Guided by Gut: Efficient Test-Time Scaling with Reinforced Intrinsic Confidence

TL;DR

Guided by Gut (GG) introduces a self-guided Test-Time Scaling framework that relies on intrinsic LLM signals—token-level confidence and novelty—augmented by reinforcement-learning fine-tuning to calibrate these signals. It replaces costly external verifiers with a light tree search (DVTS) guided by the intrinsic rewards, enabling small LLMs to match or exceed the performance of much larger models on challenging mathematical benchmarks while dramatically reducing GPU memory and KV-cache usage. Compared to Best-of-N and PRM-based approaches, GG achieves competitive accuracy with substantially faster inference and lower memory demands, making practical deployment of TTS more feasible. The approach demonstrates strong empirical gains on AIME, AMC, and MATH benchmarks and offers a scalable path toward efficient, locally deployable reasoning LLMs.

Abstract

Test-Time Scaling (TTS) methods for enhancing Large Language Model (LLM) reasoning often incur substantial computational costs, primarily due to extensive reliance on external Process Reward Models (PRMs) or sampling methods like Best-of-N (BoN).

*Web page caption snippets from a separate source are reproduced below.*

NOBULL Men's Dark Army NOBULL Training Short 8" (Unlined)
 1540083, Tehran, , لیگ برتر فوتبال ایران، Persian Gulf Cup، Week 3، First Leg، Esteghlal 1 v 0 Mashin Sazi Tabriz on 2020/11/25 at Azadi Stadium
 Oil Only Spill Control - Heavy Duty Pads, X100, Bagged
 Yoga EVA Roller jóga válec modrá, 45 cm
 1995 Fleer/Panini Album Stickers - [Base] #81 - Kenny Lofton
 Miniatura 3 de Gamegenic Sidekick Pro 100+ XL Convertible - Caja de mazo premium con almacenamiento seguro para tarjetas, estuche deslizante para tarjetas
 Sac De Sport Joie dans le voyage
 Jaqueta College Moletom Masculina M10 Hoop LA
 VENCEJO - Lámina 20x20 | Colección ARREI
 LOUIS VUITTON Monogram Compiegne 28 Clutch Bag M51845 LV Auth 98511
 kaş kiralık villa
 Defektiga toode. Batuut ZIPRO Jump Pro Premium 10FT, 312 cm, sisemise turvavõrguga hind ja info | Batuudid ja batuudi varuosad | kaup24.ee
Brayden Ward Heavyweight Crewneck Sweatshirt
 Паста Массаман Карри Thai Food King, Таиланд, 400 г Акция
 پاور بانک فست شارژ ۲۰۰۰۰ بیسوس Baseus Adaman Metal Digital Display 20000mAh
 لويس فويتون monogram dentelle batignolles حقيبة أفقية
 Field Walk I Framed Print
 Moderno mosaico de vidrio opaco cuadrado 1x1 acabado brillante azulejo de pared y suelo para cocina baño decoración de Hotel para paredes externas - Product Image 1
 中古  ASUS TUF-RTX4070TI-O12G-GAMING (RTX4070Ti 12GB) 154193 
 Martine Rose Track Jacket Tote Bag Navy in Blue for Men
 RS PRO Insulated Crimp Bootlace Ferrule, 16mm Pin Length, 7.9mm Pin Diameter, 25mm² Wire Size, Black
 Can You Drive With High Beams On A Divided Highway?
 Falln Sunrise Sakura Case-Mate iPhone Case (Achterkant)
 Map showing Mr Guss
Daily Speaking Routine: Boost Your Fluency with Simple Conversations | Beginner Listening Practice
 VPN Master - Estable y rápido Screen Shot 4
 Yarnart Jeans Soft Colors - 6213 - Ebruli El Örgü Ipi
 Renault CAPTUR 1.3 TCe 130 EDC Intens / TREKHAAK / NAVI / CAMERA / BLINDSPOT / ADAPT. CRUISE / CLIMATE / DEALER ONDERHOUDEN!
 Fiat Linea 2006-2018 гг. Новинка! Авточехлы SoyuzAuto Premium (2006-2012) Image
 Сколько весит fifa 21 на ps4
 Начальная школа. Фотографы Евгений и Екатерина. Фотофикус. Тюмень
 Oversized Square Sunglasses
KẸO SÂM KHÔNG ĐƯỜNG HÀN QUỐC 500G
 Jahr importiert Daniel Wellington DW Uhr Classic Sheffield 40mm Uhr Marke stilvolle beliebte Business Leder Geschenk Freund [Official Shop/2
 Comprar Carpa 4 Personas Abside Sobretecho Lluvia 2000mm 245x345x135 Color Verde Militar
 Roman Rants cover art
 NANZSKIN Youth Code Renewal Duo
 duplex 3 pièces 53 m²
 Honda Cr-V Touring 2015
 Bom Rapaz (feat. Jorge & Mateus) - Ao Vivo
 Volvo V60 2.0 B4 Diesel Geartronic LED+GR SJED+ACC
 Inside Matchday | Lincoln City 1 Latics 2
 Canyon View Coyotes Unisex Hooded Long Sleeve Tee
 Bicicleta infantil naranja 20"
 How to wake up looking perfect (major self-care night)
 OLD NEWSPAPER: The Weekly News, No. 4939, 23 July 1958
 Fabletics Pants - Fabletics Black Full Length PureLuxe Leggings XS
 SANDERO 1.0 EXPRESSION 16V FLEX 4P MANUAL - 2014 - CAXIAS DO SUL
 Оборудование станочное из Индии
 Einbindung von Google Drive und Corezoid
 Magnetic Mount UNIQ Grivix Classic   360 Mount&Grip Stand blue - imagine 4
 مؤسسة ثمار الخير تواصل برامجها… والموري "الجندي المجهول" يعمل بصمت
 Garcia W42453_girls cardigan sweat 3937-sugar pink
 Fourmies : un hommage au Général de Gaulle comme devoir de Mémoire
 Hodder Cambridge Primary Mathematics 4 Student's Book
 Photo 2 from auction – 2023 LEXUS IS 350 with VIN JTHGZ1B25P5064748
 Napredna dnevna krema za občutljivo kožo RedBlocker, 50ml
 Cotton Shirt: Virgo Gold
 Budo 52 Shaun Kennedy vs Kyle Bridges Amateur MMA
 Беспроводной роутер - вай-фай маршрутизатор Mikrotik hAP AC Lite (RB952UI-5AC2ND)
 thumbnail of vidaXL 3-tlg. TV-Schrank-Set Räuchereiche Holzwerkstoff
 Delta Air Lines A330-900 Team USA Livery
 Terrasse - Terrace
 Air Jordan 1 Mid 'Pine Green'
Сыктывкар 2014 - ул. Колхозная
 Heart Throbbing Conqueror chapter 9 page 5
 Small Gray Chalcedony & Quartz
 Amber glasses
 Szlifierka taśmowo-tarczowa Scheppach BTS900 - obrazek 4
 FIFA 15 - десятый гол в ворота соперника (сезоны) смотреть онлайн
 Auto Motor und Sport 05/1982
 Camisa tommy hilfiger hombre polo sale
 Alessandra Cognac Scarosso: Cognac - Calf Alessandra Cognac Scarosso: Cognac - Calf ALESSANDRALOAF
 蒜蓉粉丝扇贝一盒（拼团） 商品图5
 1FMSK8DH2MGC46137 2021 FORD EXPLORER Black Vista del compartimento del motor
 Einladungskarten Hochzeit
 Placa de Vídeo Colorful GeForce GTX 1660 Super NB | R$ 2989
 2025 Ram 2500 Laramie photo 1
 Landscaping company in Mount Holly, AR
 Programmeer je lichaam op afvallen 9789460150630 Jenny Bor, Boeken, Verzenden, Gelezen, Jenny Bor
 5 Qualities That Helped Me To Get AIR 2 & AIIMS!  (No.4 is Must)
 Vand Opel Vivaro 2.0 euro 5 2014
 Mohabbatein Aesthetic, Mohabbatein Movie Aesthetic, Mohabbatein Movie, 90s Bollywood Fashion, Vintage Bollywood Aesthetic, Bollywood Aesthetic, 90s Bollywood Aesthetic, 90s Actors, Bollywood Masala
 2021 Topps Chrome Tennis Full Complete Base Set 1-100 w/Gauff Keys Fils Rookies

This paper introduces Guided by Gut (GG), an efficient self-guided TTS framework that achieves PRM-level performance without costly external verifier models. Our method employs a lightweight tree search guided solely by intrinsic LLM signals, token-level confidence and step novelty. One critical innovation is improving the reliability of internal confidence estimates via a targeted reinforcement learning fine-tuning phase. Empirical evaluations on challenging mathematical reasoning benchmarks demonstrate that GG enables smaller models (e.g., 1.5B parameters) to achieve accuracy matching or surpassing significantly larger models (e.g., 32B-70B parameters), while reducing GPU memory usage by up to 10x. Compared to PRM-based methods, GG achieves comparable accuracy with 8x faster inference speeds and 4-5x lower memory usage. Additionally, GG reduces KV cache memory usage by approximately 50% compared to the BoN strategy, facilitating more efficient and practical deployment of TTS techniques.

Paper Structure

This paper contains 28 sections, 9 equations, 3 figures, 7 tables, 1 algorithm.

Figures (3)

  • Figure 1: We compare the performance and GPU VRAM usage of Guided by Gut (GG; stars) to Best-of-N (BoN; triangles) and Chain-of-Thought (CoT; circles) on several LLMs. GG achieves better accuracy at much lower memory cost (log-scaled).
  • Figure 2: Comparison of reasoning generation strategies. (1) Standard Chain-of-Thought (CoT) generates a single reasoning path autoregressively. (2) Search guided by an external Process Reward Model (PRM) explores multiple candidate steps ($s_1^t, s_2^t, \dots$), using PRM scores to select promising paths. (3) Our proposed Self-Guided Search similarly explores multiple steps but uses intrinsic signals, Confidence ($\mathcal{C}$) and Novelty ($N$), derived from the LLM to guide the search at each step without relying on an external PRM. In the example, $\mathbf{T}$ stands for an independent tree and $\mathbf{B}$ stands for a branch within that tree. Example text best read zoomed-in.
  • Figure 3: Answer Confidence Distribution Across Training Settings. Each subplot shows the normalized distribution of confdence scores for correct (green) and incorrect (orange) completions across different fine-tuning strategies. The vertical dashed lines mark the mean confidence for correct and wrong completions, respectively. The base model (left) is generally overconfident, with incorrect completions receiving high confidence scores. Fine-tuning with correctness reward (middle) improves accuracy but leaves the confidence distribution largely unchanged. Confidence-based fine-tuning (right) better separates correct from incorrect completions, showing improved calibration.